Yes, Americans have a huge challenge today for considering a “New Deal” type of program in the US.

One reason being that, since the early 1980’s and the election of President Ronald Reagan, the number of construction workers, particularly Union workers, that are capable of working on America’s infrastructure for building or repairing; bridges, schools, highways, hydroelectric dams or nuclear power plants has dropped significantly.

And another difference from 1933 is that today, America is the largest “debtor nation” in the world. It is also a nation that has lost hundreds of thousands of blue-collar manufacturing jobs over the past 30 years.

Back in FDR’s time, the America of the 1930’s was the world largest “creditor nation” and even with the Great Depression, it was a world-class manufacturing leader. In addition, the United States was also owed billions of dollars from those European nations that had borrowed from the US to finance World War I.
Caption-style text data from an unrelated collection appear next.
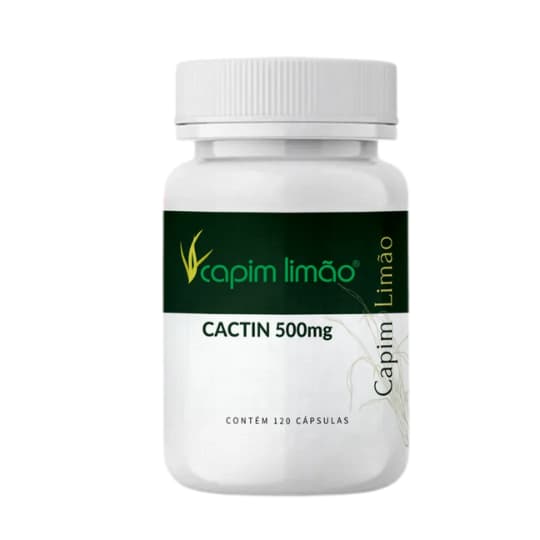 Cactin 500mg 120 cápsulas Galena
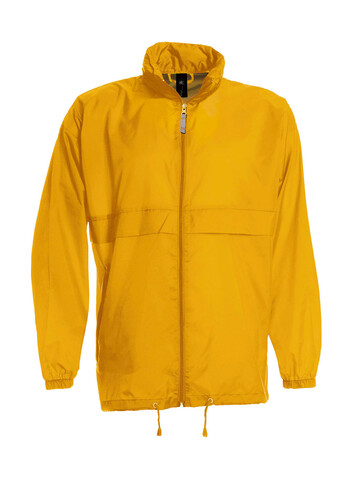 B &amp; C Sirocco Windbreaker, Gold, S bedrucken, Art.-Nr. 496426433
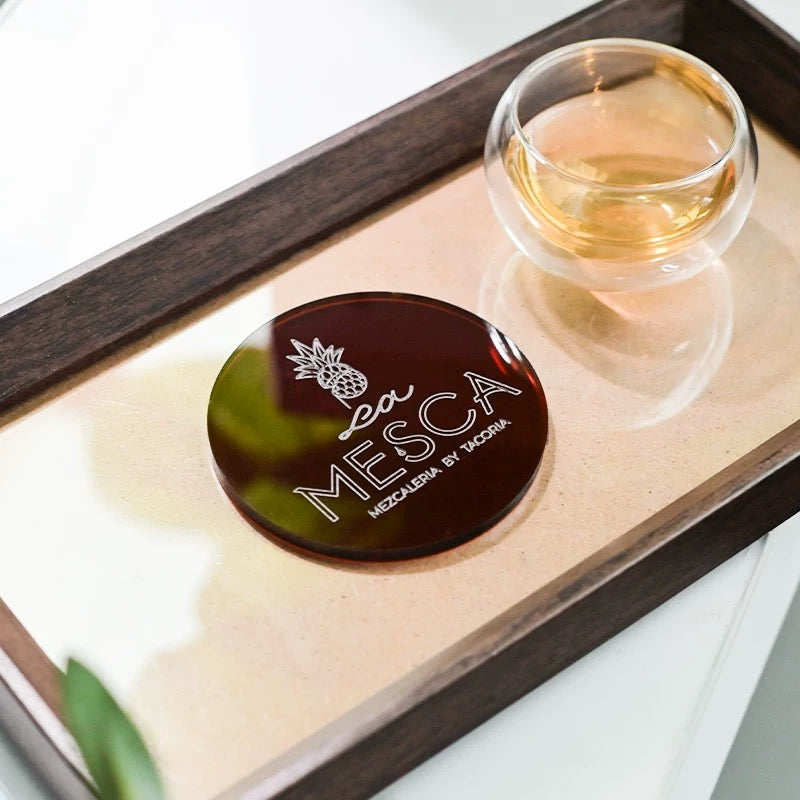 Custom Acrylic Coaster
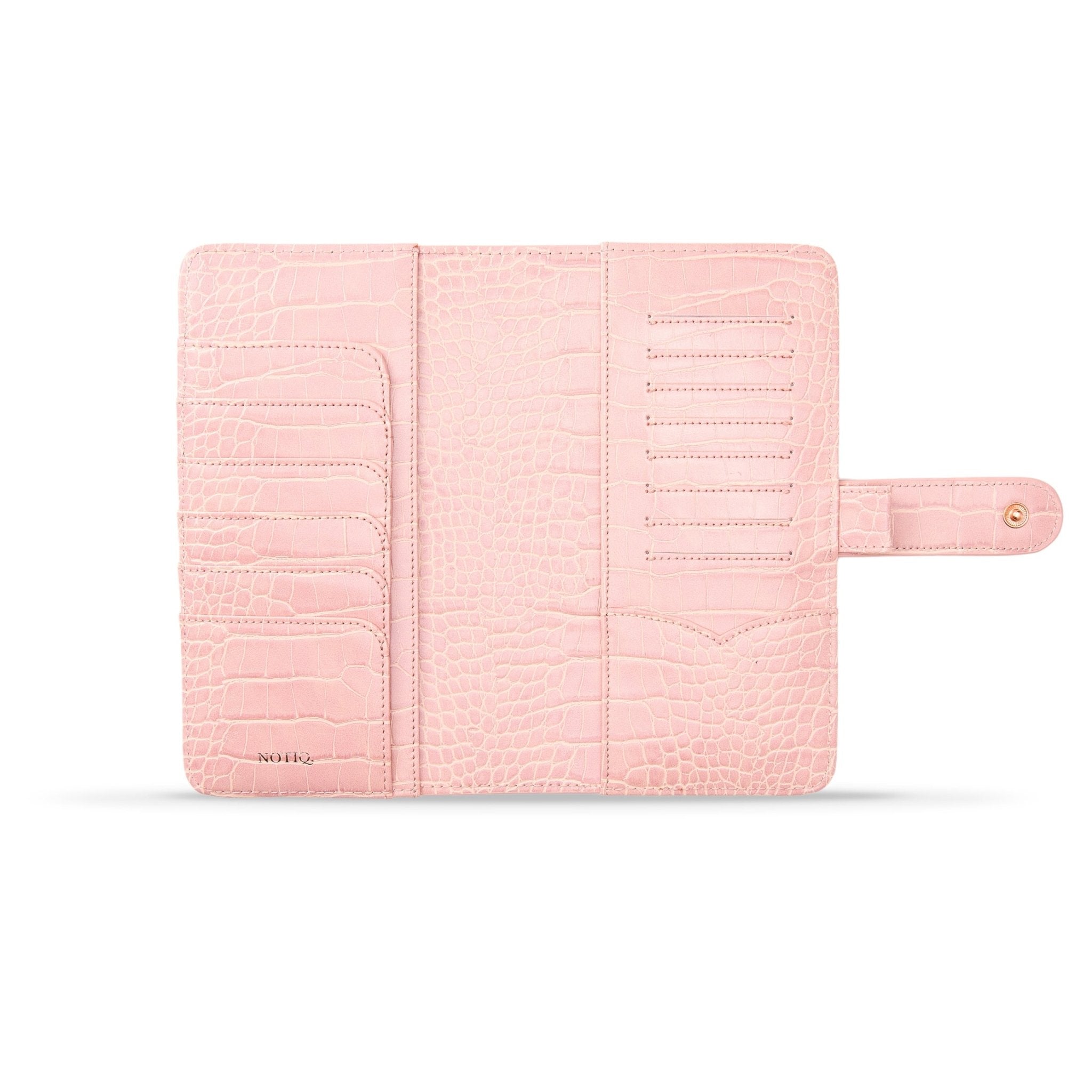 | SL4. Slim Plus Wallet Ringless Agenda | Planner Cover | NOTIQ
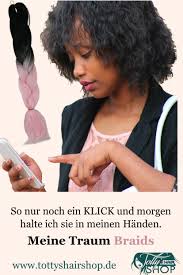 Black hair with neon pink highlights. Totty S Hair Shop Black Pink Delicate Pink Braiding Hair 2 Colored Ombre Braids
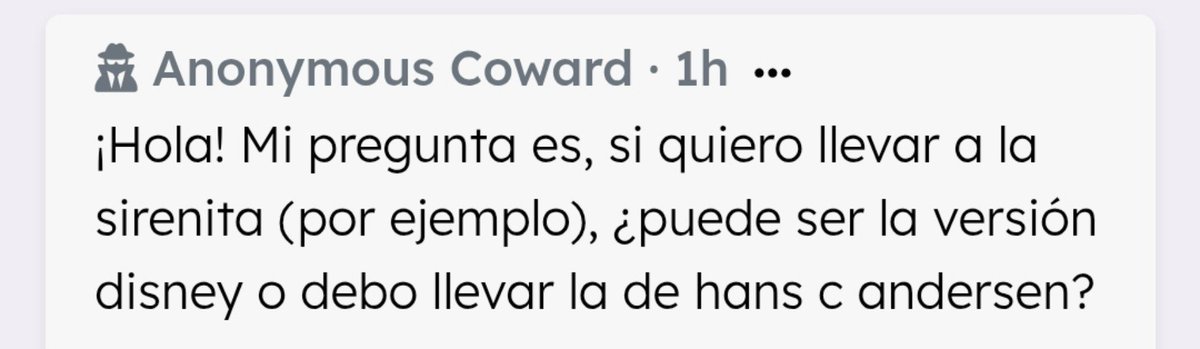 FABLET0WN's tweet photo. ¡Hola! Todos los personajes tienen que estar basados en sus historias originales, en este caso, la escrita por Andersen. Repetimos que no por ello deben de ser un calco. Se puede modificar, quitar y añadir cosas, siempre que se mantenga el núcleo de la historia. https://t.co/jMwwErR5dw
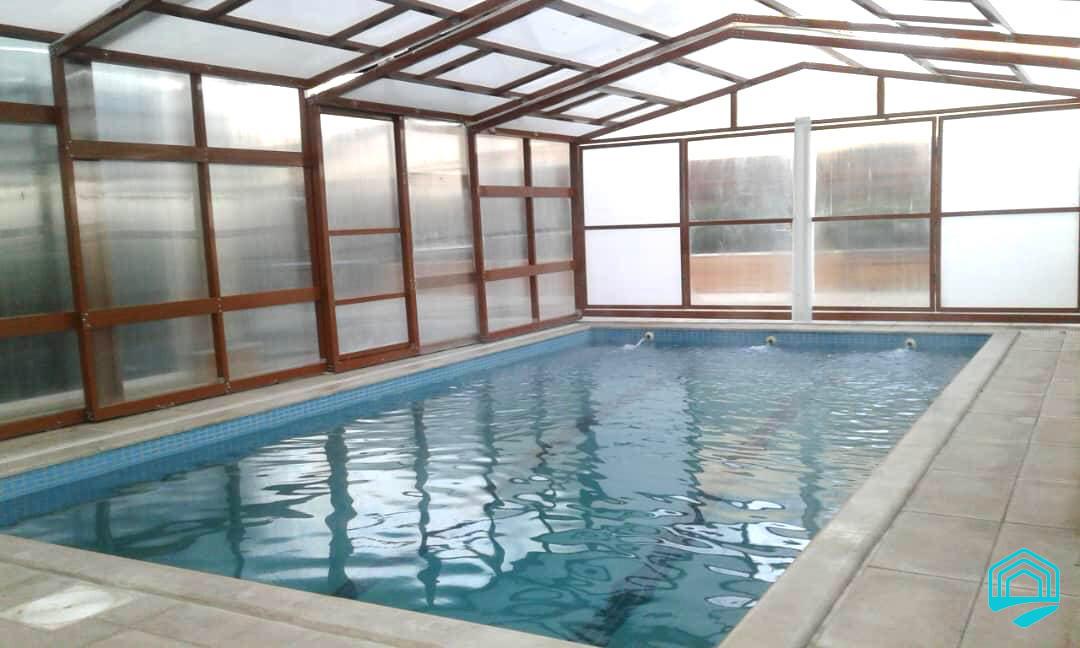 ویلای جنگلی مبله استخردار نوشهر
Today, the US has the world’s highest debt and the largest deficit in world history.

Yes, it is a different America and a different world out there. However, just as it was with the GOP’s economic philosophy of the late 1920’s and early ‘30’s, President Bush’s Treasury Secretary, Henry Paulson’s $700 Billion Bail-Out “mistake” just continues to show that “top-down” is not the proper approach to fix America's economy.

Instead of the current bailed-out banks and finance organizations, using the “Paulson Bailout Program” to provide loans and credit to businesses and the general public, (as they were supposed to do), the tax-payer Bail-Out money is instead being used by big banks to buyout failing smaller banks. This is just making those big banks even bigger banks. Which means that they will now become the new, potential members of the “banks too big to be allowed to fail” club.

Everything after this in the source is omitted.